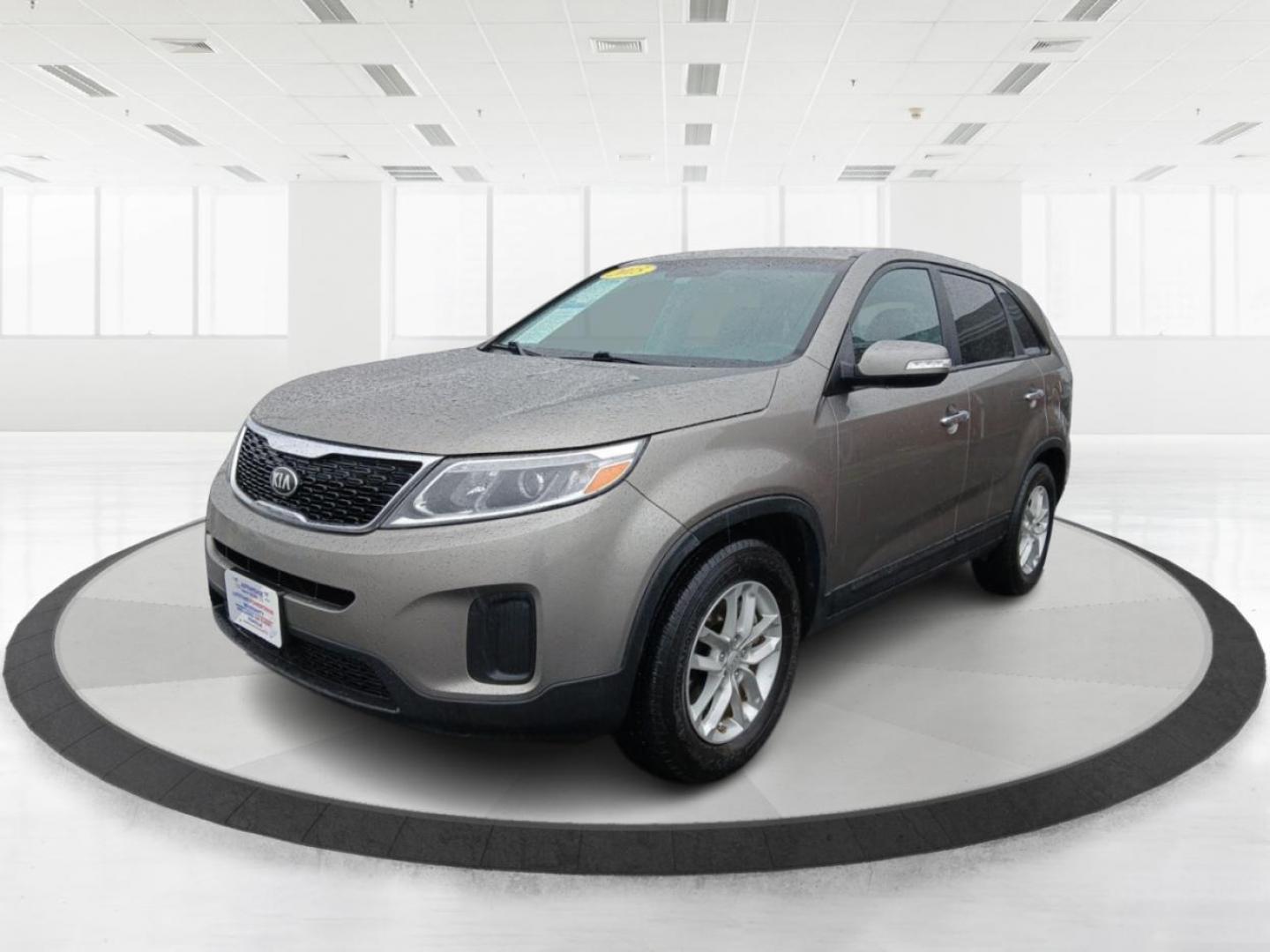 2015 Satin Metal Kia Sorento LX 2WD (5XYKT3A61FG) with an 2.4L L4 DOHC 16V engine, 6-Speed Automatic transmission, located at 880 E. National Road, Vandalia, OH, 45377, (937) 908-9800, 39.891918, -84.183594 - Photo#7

----

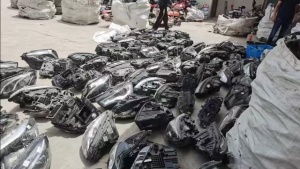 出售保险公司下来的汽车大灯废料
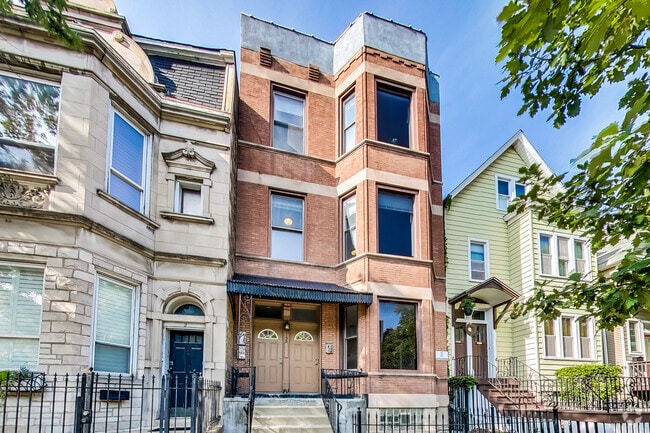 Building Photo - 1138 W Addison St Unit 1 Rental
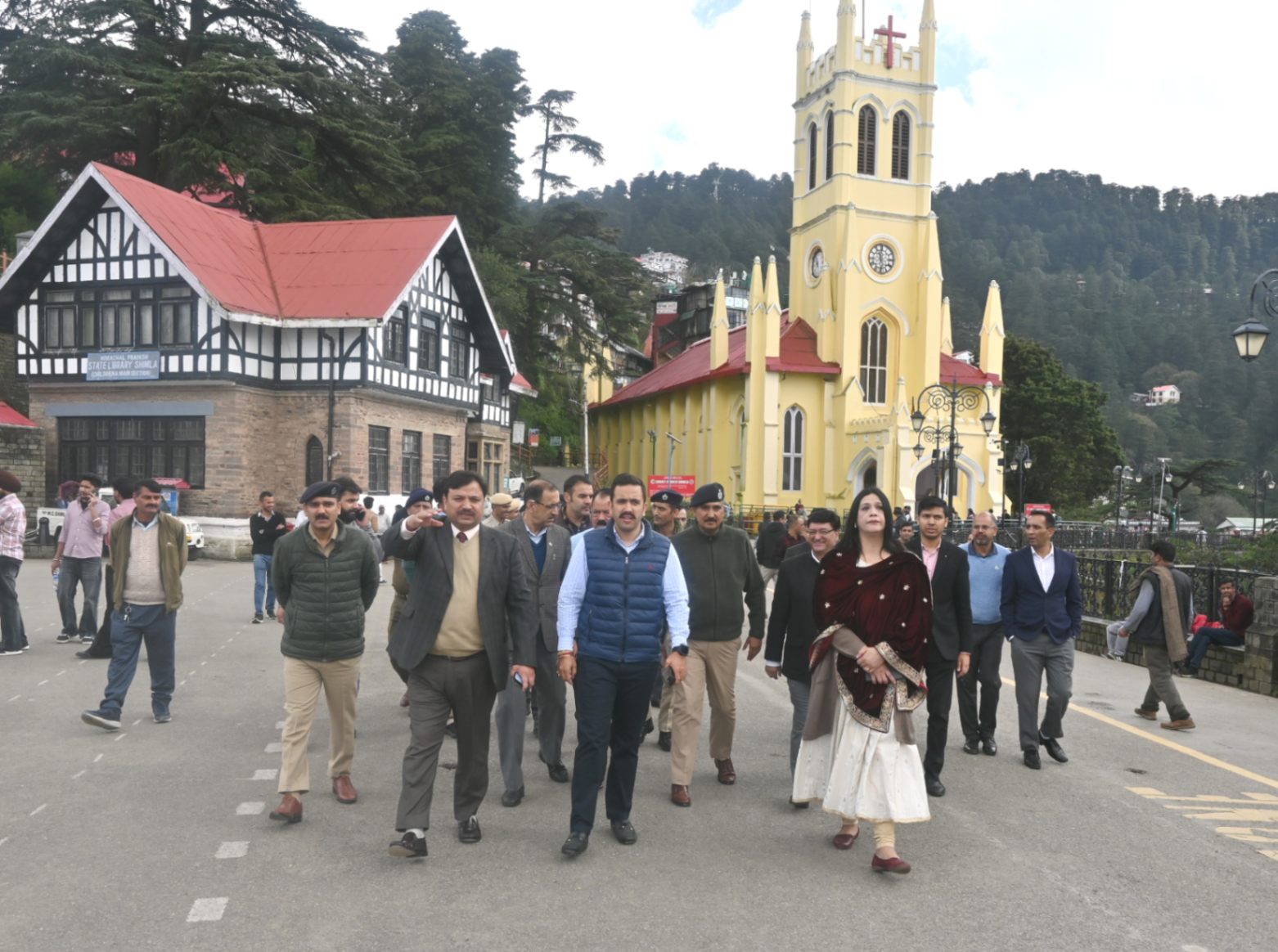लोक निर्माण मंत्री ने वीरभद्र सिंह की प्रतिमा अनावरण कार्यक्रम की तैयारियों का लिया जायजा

----

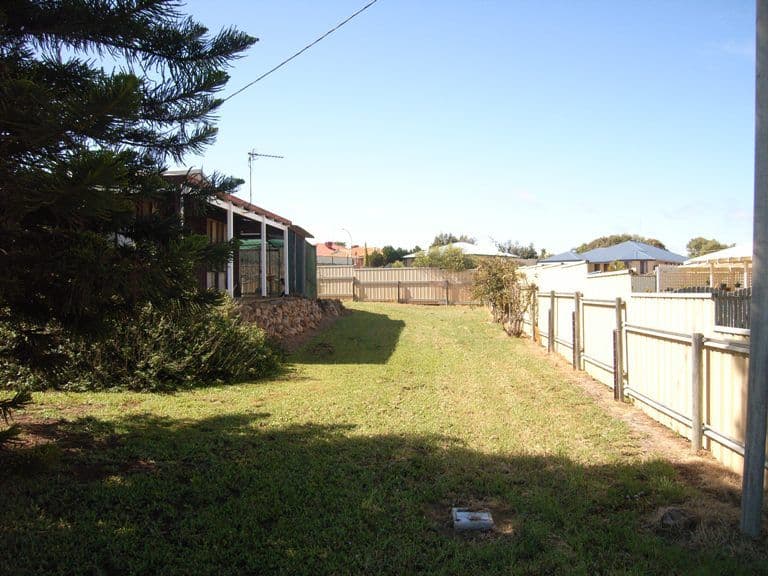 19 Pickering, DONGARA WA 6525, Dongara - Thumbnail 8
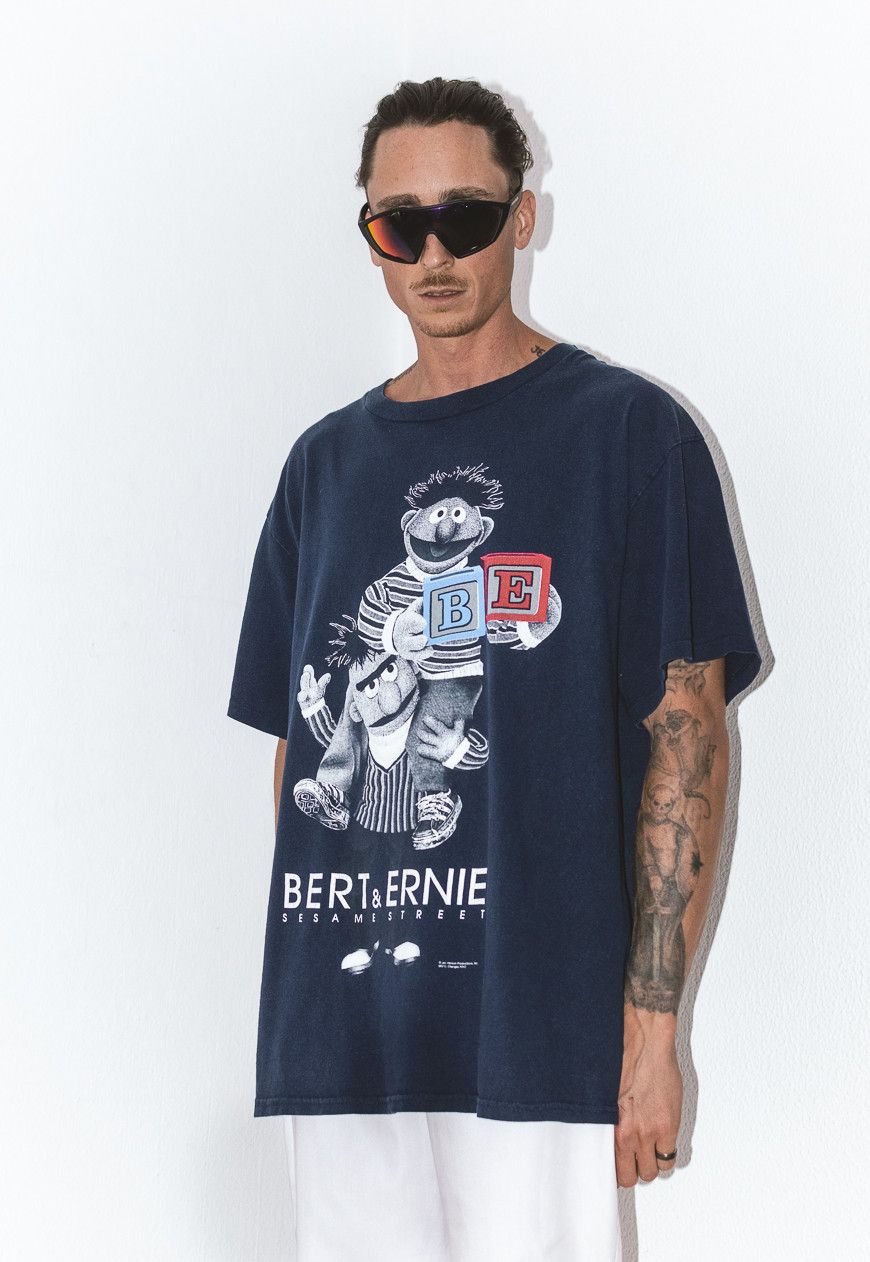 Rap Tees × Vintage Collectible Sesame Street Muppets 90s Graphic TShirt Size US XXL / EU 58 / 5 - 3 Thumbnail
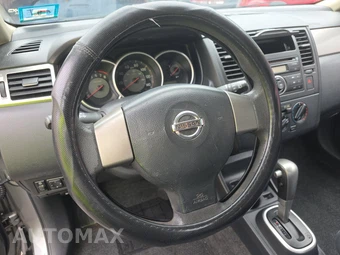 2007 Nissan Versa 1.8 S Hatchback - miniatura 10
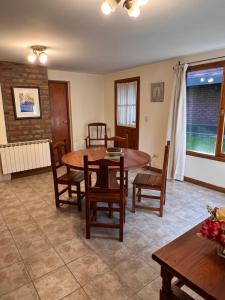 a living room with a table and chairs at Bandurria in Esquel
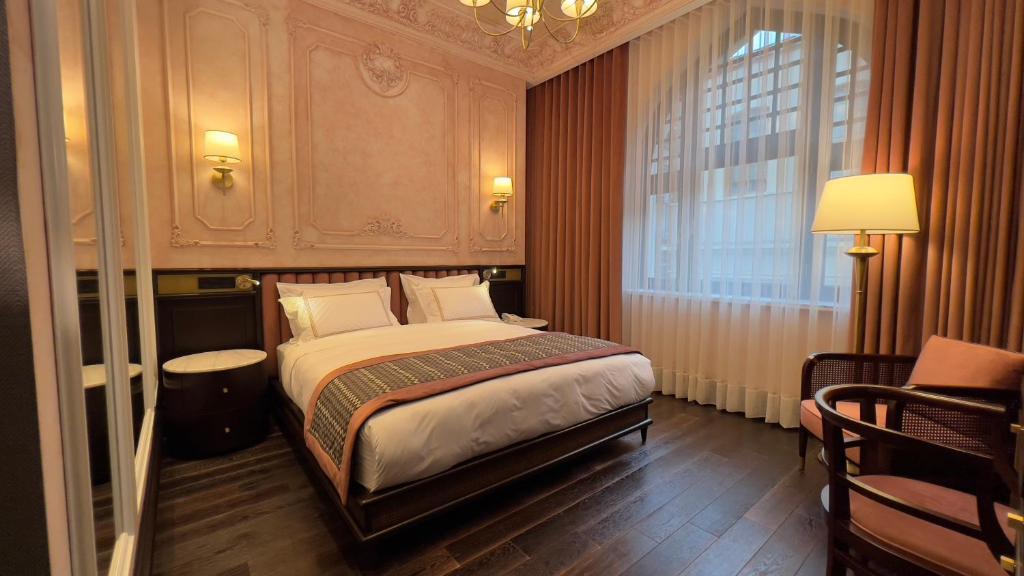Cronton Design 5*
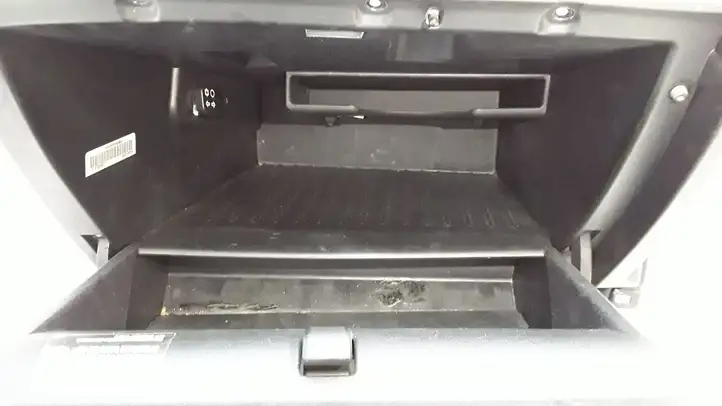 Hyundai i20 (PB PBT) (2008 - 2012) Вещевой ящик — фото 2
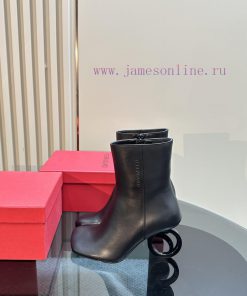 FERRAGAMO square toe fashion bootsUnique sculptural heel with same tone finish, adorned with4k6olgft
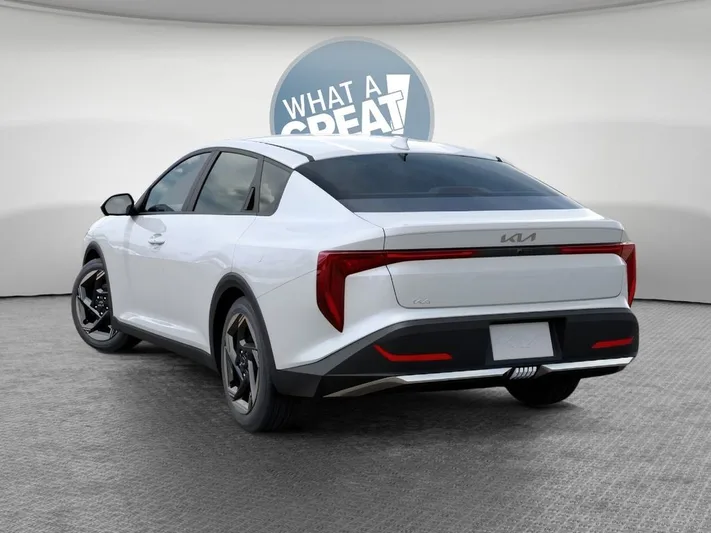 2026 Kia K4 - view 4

----

[What you have to do] From the records above, copy exactly the lines starting at the one with "Hyundai i20 (PB" and ending at the one with "2026 Kia K4 - view 4", and no others. Pictures stay out.

[Written answer]
 Hyundai i20 (PB PBT) (2008 - 2012) Вещевой ящик — фото 2
 FERRAGAMO square toe fashion bootsUnique sculptural heel with same tone finish, adorned with4k6olgft
 2026 Kia K4 - view 4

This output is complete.